As you are new to this diagnosis, my first suggestion would be to seek out a NET specialist. These are oncologists with specialized training and experience in NETs. Not all general oncologists have expertise with this form of cancer, and it will be to your advantage to have at least one consultation with one of these specialists. There are NET specialists at all three Mayo Clinic locations (appointment information is available at http://mayocl.in/1mtmR63). If it is not possible to be seen at a Mayo facility, here is a link from the Neuroendocrine Tumor Research Foundation with a listing of NET specialists in the U.S.: https://netrf.org/for-patients/neuroendocrine-tumor-doctor-database/page/8/

How are you feeling, @michaela258. Were there specific symptoms that led to this diagnosis?

@hopeful33250 Hello,

Thank you very much for your feedback and for taking the time to respond. I truly appreciate it.

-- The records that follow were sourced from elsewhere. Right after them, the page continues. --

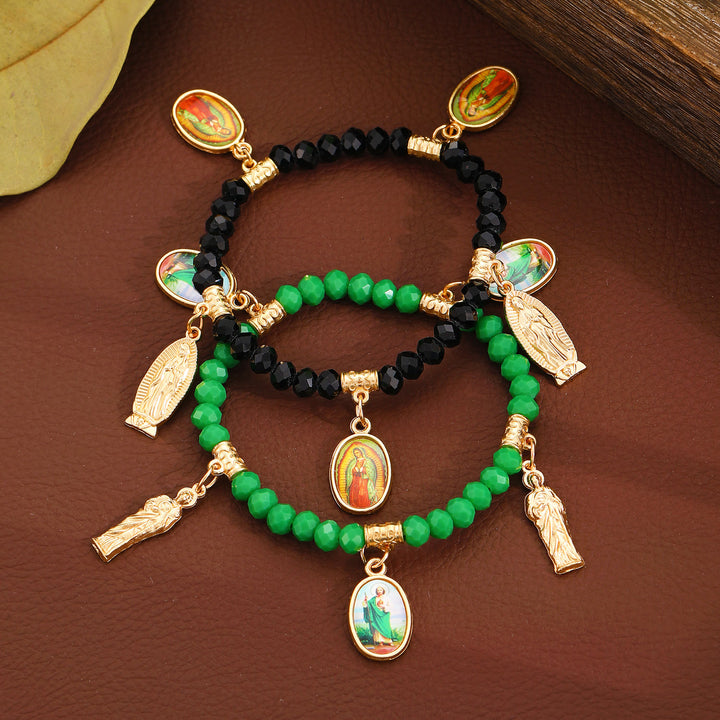 Christianartworkshop Intricate Beaded Bracelet with Our Lady of Guadalupe & Saint Jude Charms: A Reminder of Sacred Love - image 4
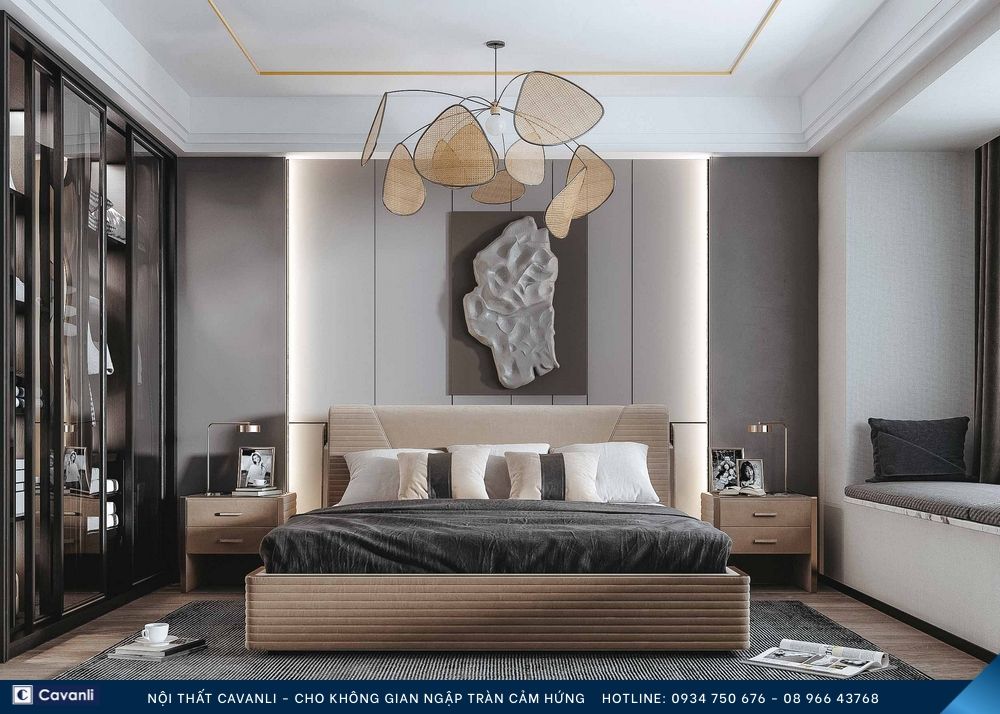 Cách bố trí nội thất phòng ngủ đôi khoa học và tinh tế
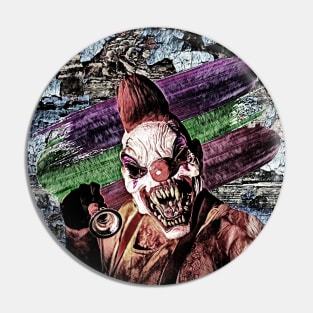 Evil clown holds a horn in his hand Pin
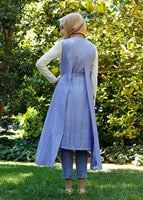 Tesettür giyim MAVİ T 8370-2 ModaBu Kuşaklı Yelek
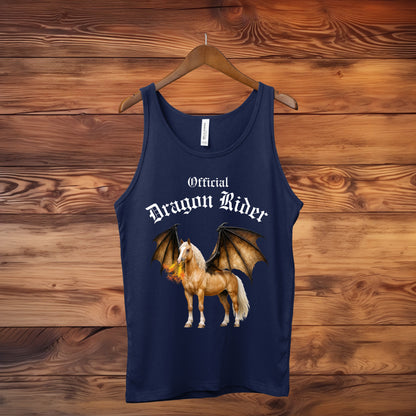 Official Dragon Rider Palomino Winged Horse Mythical Equestrian Unisex Jersey Tank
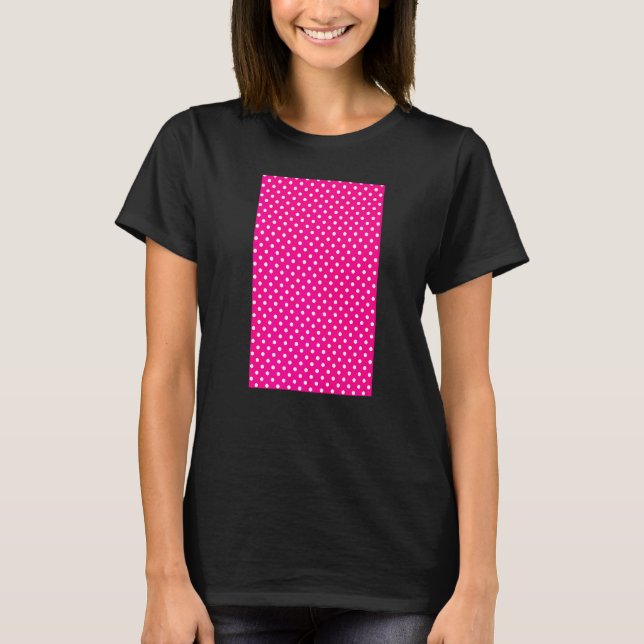 1980's Small Polkadot Geometric Pattern Pink And W T-Shirt (Front)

I live in a smaller country where access to highly specialized doctors is limited, and it is likely that we do not yet have the same level of technology or treatment protocols that are available in your country. Because of this, I am very grateful to be able to connect with you and learn from your experience. It helps me understand whether I am on the right path or if there may be alternative treatment options worth considering.

At the moment, I would also like to ask about the biopsy, as I am receiving two different opinions. One is that a biopsy is necessary to properly determine the aggressiveness of the tumor, while the other suggests that it could potentially be risky if the tumor is punctured. I am not sure what the standard approach is in cases like this, and I would really appreciate hearing how this is typically handled in your experience.

If you are willing to share, I would be very grateful to hear how this was managed in your own case.

Thank you very much again for your time and support.